In today's e-business on-demand environment, more companies are turning to a Grid computing infrastructure for distributed computing and data resources such as processing, network bandwidth, and storage. Grids allow companies to pool available resources for scalability and high availability. Built on Oracle Parallel Server (OPS) architecture, Oracle introduced Real Application Clusters (RAC) with Oracle 9i. Oracle RAC also is a key part of the Oracle 10g release. Oracle RAC allows a single physical Oracle database to be accessed by concurrent instances of Oracle running across several different CPUs.
An Oracle RAC system is composed of a group of independent servers, or nodes, that cooperate as a single system as shown in Figure 1. These nodes have a single view of the distributed cache memory for the entire database system.
Figure 1: Oracle RAC System
A cluster architecture, such as Oracle RAC, provides applications access to more horsepower when needed, while allowing computing resources to be used for other applications when database resources are not as heavily required. For example, in the event of a sudden increase in traffic, an Oracle RAC system can distribute the load over many nodes, a feature referred to as load balancing.
In addition, an Oracle RAC system can protect against computer failures caused by unexpected hardware failures and operating system or server crashes, as well as processing loss caused by planned maintenance. When a node failure occurs, connection attempts can fail over to other nodes in the cluster, which assume the work of the failed node. When connection failover occurs and a service connection is redirected to another node, users can continue to access the service, unaware that it is now provided from a different node.
This document explains how you can take advantage of Oracle RAC features such as load balancing and connection failover using the DataDirect Connect for JDBC Oracle driver to connect your data critical applications to data.

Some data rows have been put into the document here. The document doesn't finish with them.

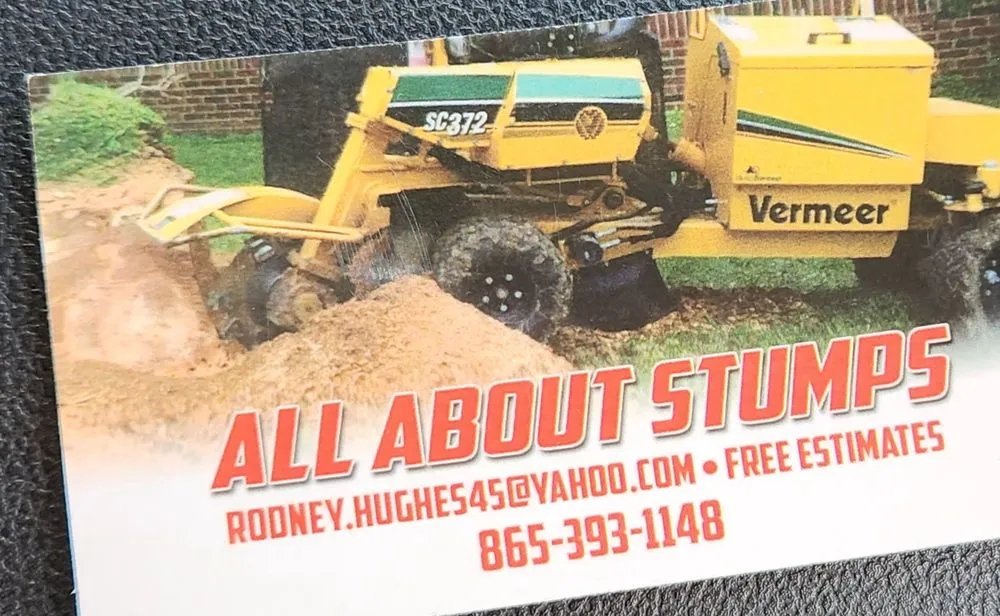 Local landscape design in Dandridge, TN by All About Stumps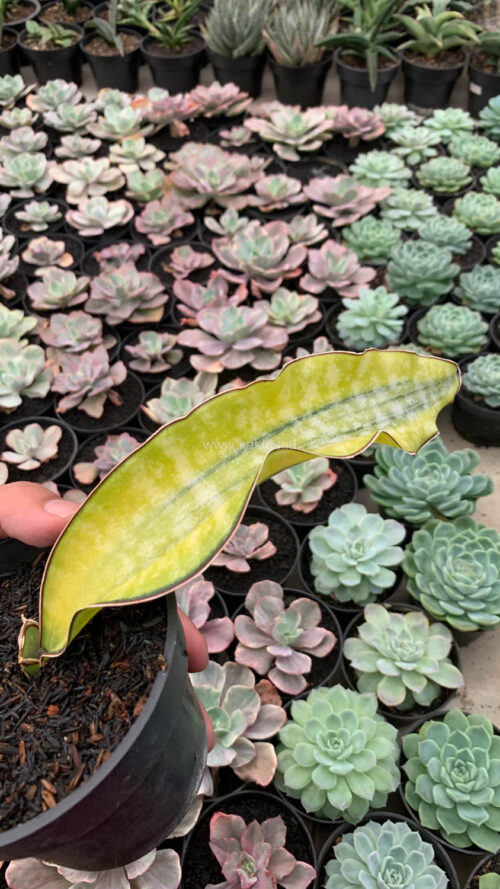 Sansevieria Kirkii Coral Blue Variegated, real gallery image #5 plants. Picture taken directly from kaktus.id community Sansevieria farmer green houses.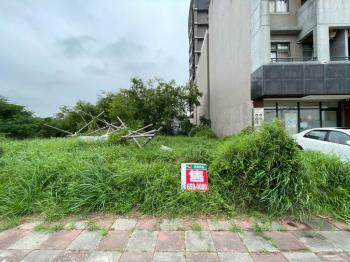 價格可談大埔百坪臨路土地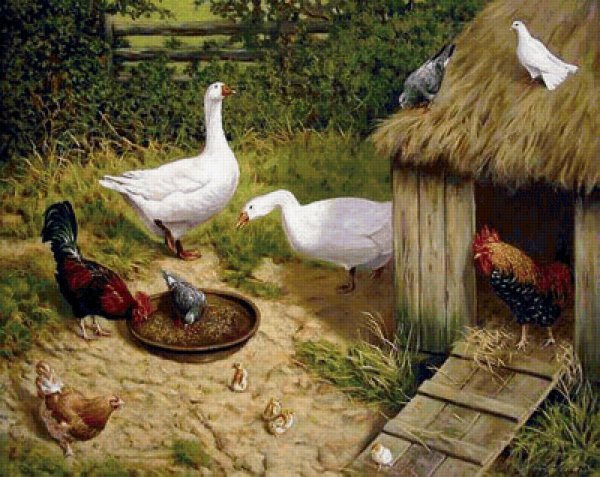 Картина птичий двор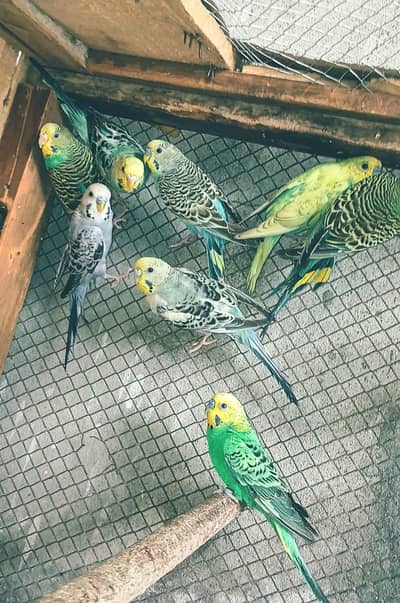 Group Of Budgies
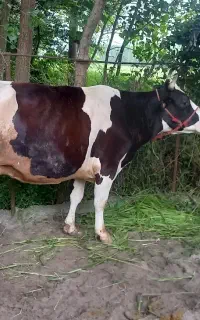 گاو هلشتاین با گوساله نر جرسی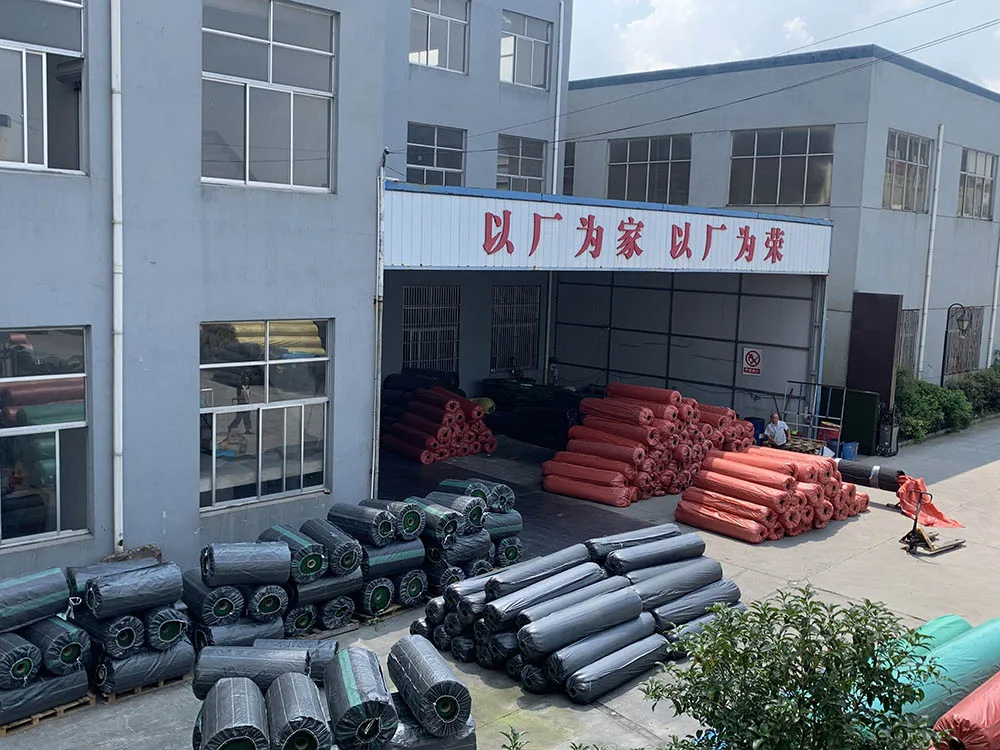 Guangzhou Wegi Sports Industry Co., Ltd. 2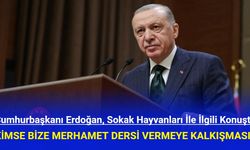 Cumhurbaşkanı Erdoğan Sokak Hayvanları Düzenlemesiyle İlgili Açıklama Yaptı!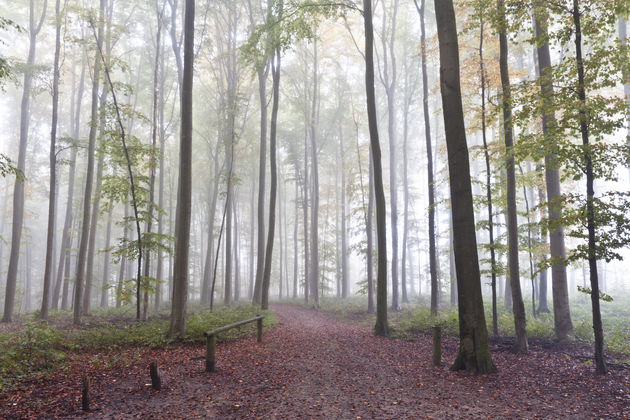 Smalle hoge bomen met daartussen de mist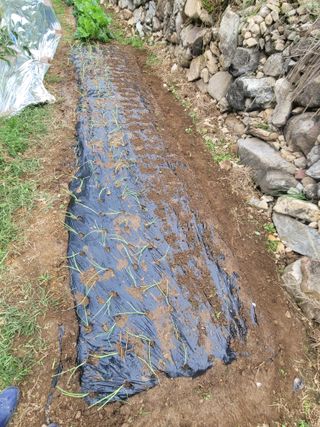 날씨가 흐려 방제가님의 사과 · 영농일지 작성글 사진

Connecting to an Oracle RAC system is similar to connecting to a single instance of an Oracle database. When connecting to a single Oracle database instance, you specify the SID or ServiceName of the instance to which you want to connect either in the connection URL or as properties of a DataSource. For example, the following URL establishes a connection to the database instance Accting1:
jdbc:datadirect:oracle://server1:1521;ServiceName=Accting1
In a RAC environment, multiple Oracle instances share the same physical data. In addition to the SID or ServiceName for each Oracle instance in the Oracle RAC system, a ServiceName exists for the entire Oracle RAC system. When an application uses the Oracle RAC system's ServiceName, the Oracle RAC system appears to be a single Oracle instance to the application. For example, the following URL establishes a connection to an Oracle instance in the Oracle RAC system named Accounting:
jdbc:datadirect:oracle://server1:1521:ServiceName=Accounting
The specific instance that is connected to is determined by a number of factors, including which instances are available and the load on those instances. Typically, the application does not need to know which instance to which it is connected.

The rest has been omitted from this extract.